── DATA FOR REVIEW

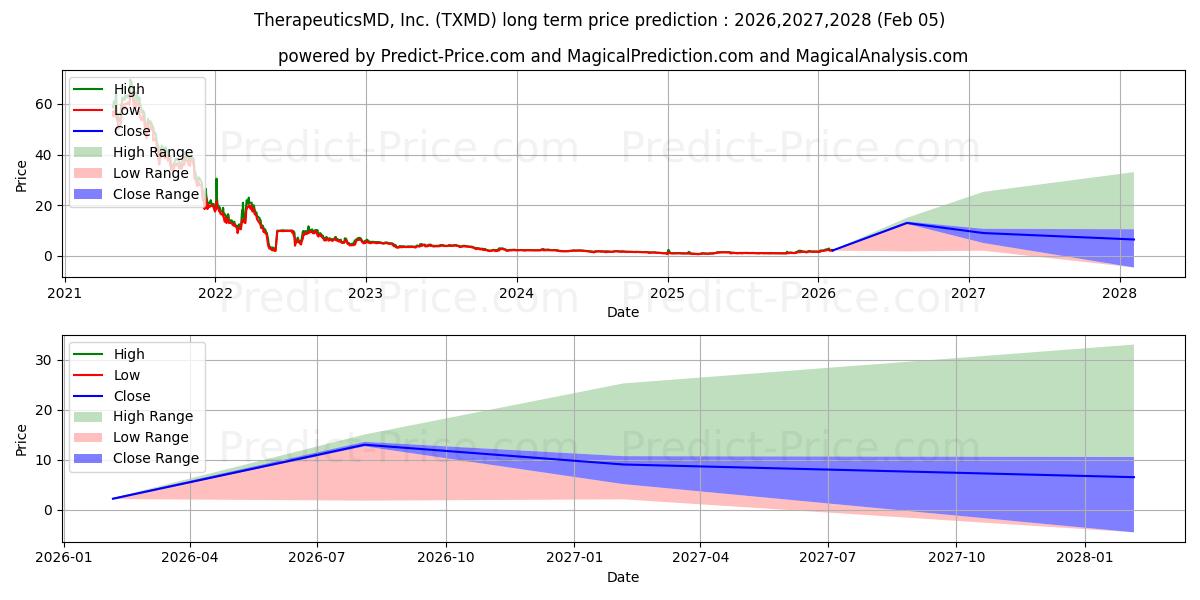 توقع أقصى وأدنى سعر طويل المدى لـ TherapeuticsMD, Inc. في 2026,2027,2028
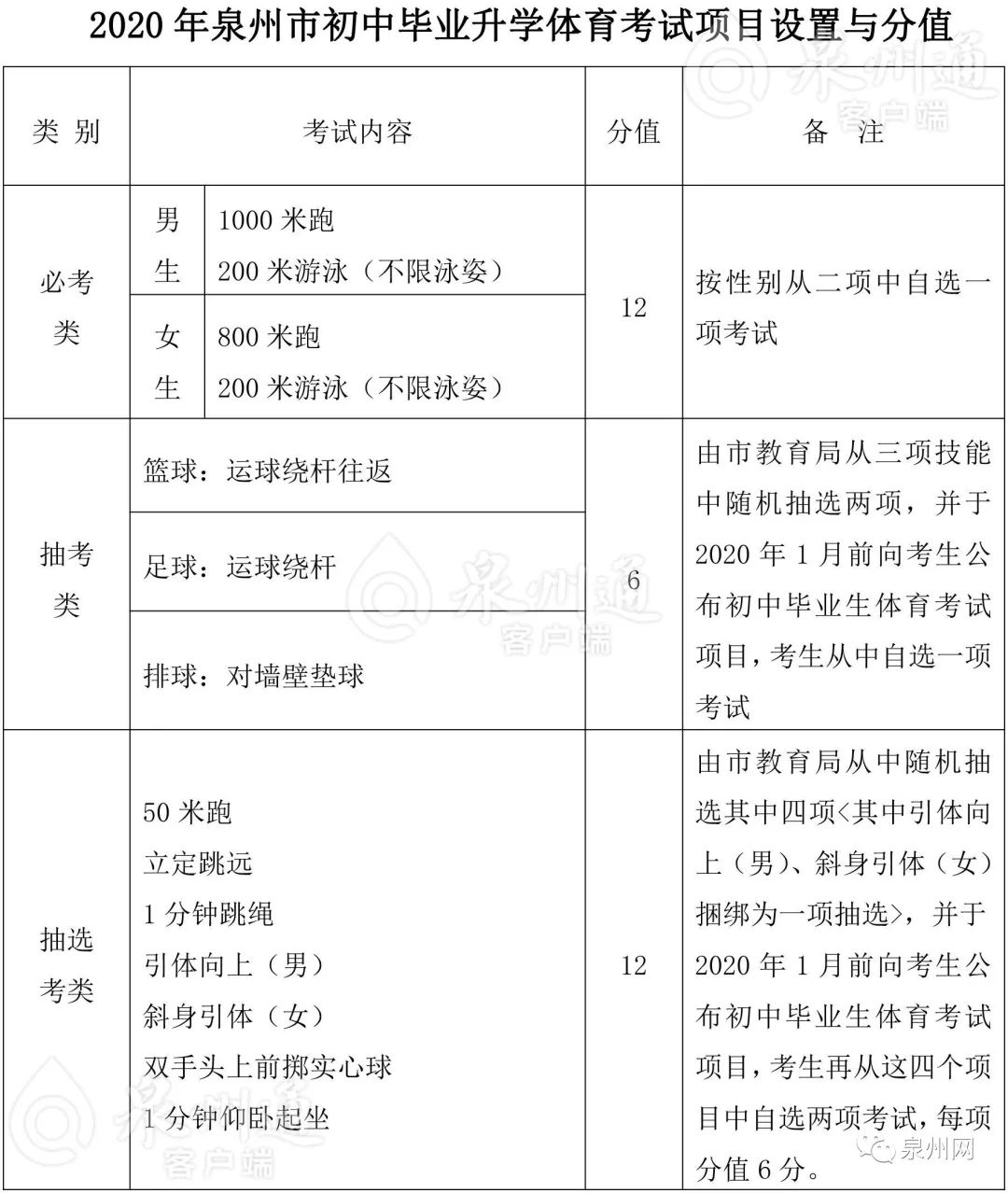 泉州推迟2022年体育中考,泉州中考体育1000米多少满分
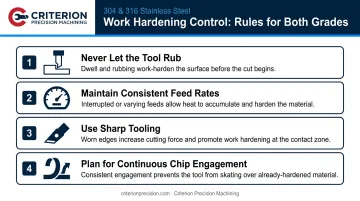 Four key work hardening prevention rules for machining stainless steel infographic
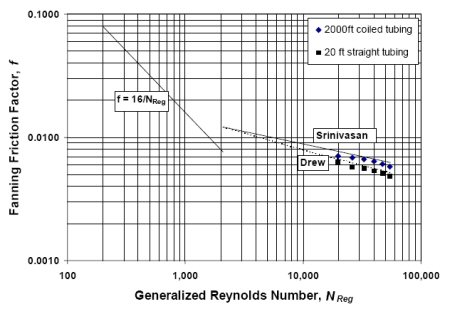 Fig. 1 Friction Factor vs. Generalized Reynolds Number - Muskogee Fly Ash Slurry
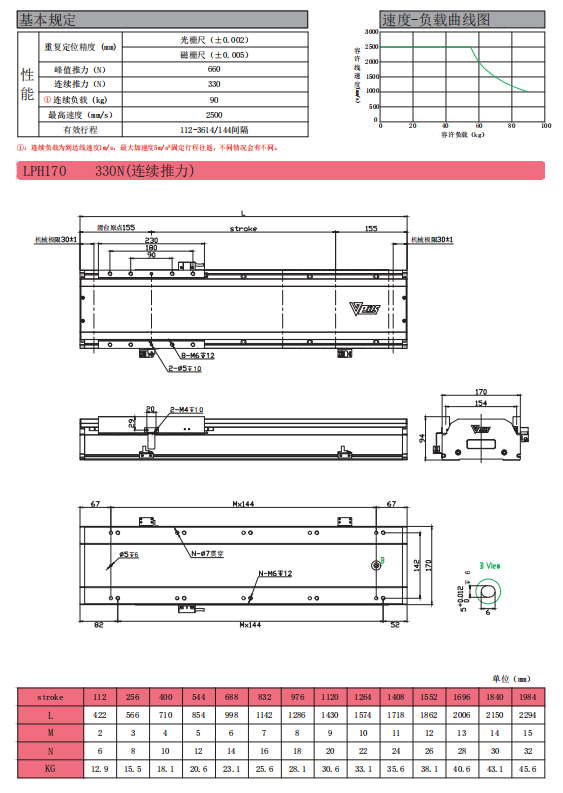 直線電動機(jī)（有鐵芯）-LPH1703.png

────

[ABOUT THIS EXERCISE]
Any pictures above are to be left out. Retype the rest of the records exactly.

[YOUR RESPONSE]
 توقع أقصى وأدنى سعر طويل المدى لـ TherapeuticsMD, Inc. في 2026,2027,2028
 泉州推迟2022年体育中考,泉州中考体育1000米多少满分
 Four key work hardening prevention rules for machining stainless steel infographic
 Fig. 1 Friction Factor vs. Generalized Reynolds Number - Muskogee Fly Ash Slurry
 直線電動機(jī)（有鐵芯）-LPH1703.png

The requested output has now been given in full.